L’ultima volta in cui venne zio Checco gli chiesi di farmi vedere lo studio di nonno Alfonso. Io ero la più piccola dei cugini ed ero anche piuttosto timida, poco spericolata. Dire che avevo visto lo studio del nonno, sorvolando sul fatto di essere accompagnato da un adulto, avrebbe fatto schizzare alle stelle le mie quotazioni e tutti mi avrebbero riservato un trattamento ben diverso. Chi si sarebbe azzardato più a chiamarmi chiocciolina? Ma lo zio, dopo avermi guardato per un istante senza parlare, mi disse: ”Mi dispiace Roberta, io in quella stanza non ci metterò mai più piede. Lo sai cos’è successo?” “ Lì è morto nonno Alfonso” risposi un po’ impacciata.
Lui sembrò guardarmi, ma c’era nei suoi occhi una vacuità che mi spaventò. Lentamente, quasi parlasse tra sé e sé disse: “Lì è stato ucciso il nonno” Io lo guardai sconvolta senza avere il coraggio di porre ulteriori domande e, approfittando del passaggio di Nunziatina, mi attaccai alla sua gonna e la seguii, allontanandomi dallo zio.
Non vidi mai più lo zio Checco: non era trascorso nemmeno un mese dalla sua partenza, quando un funzionario dell’ambasciata italiana ci comunicò che era morto in Egitto ucciso in una rissa. Mio padre partì per andare a riprenderlo e tornò dopo una settimana. Il funerale al paese fu grandioso.
Perdere lo zio Checco fu il dolore più grande della mia infanzia che in parte superai quando nacque mio fratello, con un parto che per puro miracolo non uccise mia madre. Mio fratello era il ritratto dello zio, di cui portò il nome, per volontà di mia madre.

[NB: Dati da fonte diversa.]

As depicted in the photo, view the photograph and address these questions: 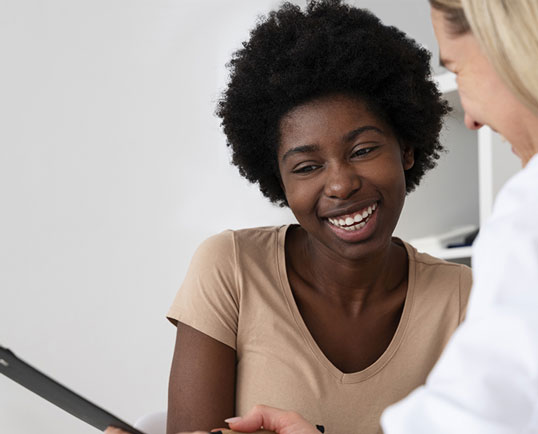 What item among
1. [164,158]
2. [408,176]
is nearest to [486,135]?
[408,176]

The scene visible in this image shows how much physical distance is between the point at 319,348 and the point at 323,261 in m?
0.18

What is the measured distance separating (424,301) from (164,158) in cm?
135

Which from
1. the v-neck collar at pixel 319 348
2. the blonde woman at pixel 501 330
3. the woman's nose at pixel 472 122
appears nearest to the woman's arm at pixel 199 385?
the v-neck collar at pixel 319 348

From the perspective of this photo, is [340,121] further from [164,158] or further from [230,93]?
[164,158]

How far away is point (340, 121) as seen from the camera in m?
1.45

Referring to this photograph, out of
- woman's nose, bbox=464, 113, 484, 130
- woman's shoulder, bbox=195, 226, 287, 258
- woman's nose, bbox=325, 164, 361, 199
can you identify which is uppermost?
woman's nose, bbox=464, 113, 484, 130

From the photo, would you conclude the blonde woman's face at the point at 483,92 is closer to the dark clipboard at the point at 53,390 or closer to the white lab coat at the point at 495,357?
the white lab coat at the point at 495,357

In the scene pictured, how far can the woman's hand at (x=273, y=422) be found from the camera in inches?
44.3

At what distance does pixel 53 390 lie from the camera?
0.98m

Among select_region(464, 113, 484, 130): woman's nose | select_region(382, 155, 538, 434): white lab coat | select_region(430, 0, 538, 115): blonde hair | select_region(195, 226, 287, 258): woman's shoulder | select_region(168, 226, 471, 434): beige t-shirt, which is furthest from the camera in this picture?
select_region(195, 226, 287, 258): woman's shoulder

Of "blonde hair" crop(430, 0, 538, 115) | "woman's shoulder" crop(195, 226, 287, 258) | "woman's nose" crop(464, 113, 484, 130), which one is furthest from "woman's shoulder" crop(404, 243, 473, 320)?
"blonde hair" crop(430, 0, 538, 115)

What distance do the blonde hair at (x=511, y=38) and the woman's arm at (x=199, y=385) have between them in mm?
919

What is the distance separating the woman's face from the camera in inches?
56.1

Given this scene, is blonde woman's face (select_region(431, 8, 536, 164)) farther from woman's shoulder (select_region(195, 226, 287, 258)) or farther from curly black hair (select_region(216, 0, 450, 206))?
woman's shoulder (select_region(195, 226, 287, 258)) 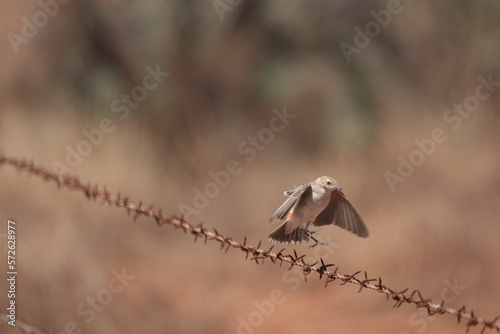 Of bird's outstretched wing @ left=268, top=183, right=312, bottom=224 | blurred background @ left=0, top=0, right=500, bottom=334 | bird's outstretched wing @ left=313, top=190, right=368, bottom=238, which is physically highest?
blurred background @ left=0, top=0, right=500, bottom=334

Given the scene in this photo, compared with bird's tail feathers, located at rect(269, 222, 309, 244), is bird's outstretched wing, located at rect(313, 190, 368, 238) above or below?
above

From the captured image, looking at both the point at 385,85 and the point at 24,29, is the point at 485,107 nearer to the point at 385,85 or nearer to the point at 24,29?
the point at 385,85

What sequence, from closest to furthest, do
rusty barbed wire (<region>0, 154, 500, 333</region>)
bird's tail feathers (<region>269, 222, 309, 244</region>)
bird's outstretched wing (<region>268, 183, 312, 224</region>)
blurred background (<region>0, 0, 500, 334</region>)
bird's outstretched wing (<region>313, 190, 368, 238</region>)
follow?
1. rusty barbed wire (<region>0, 154, 500, 333</region>)
2. bird's outstretched wing (<region>268, 183, 312, 224</region>)
3. bird's outstretched wing (<region>313, 190, 368, 238</region>)
4. bird's tail feathers (<region>269, 222, 309, 244</region>)
5. blurred background (<region>0, 0, 500, 334</region>)

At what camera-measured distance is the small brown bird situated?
8.50 feet

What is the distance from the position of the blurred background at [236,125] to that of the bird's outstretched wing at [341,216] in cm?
446

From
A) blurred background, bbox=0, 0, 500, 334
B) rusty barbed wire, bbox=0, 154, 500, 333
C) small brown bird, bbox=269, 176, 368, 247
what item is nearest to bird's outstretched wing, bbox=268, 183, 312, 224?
small brown bird, bbox=269, 176, 368, 247

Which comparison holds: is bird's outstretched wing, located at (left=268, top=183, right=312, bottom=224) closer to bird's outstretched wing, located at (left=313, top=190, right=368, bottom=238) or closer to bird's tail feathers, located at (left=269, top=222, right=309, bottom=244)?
bird's outstretched wing, located at (left=313, top=190, right=368, bottom=238)

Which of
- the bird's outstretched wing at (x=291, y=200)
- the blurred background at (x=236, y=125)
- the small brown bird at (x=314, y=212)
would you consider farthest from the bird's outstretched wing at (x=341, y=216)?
the blurred background at (x=236, y=125)

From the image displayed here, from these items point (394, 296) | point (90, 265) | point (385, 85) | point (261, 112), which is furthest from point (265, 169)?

Un giorno, mentre lei lo fasciava notai che aveva una voglia a forma di cuore sul pisellino.
Mentre se lo prendeva tra le braccia, glielo feci notare e lei sorridendo distratta mi rispose: “L’avevano anche zio Checco e nonno Alfonso”. Poi arrossì. Violentemente.
Non le chiesi, né in quel momento né in seguito, come mai lo sapesse.
Nonna Clotilde che cambiava la versione dei fatti a ogni stormir di fronda non smise mai di dirmi, fino alla sua morte:” E tu chi sei, nessuno di noi è biondo…povero figlio mio”
La stanza dove mia madre la segregò nei suoi ultimi anni di vita venne chiamata “La stanza della pazza” ma io la chiamai sempre “La stanza di nonna Clotilde”.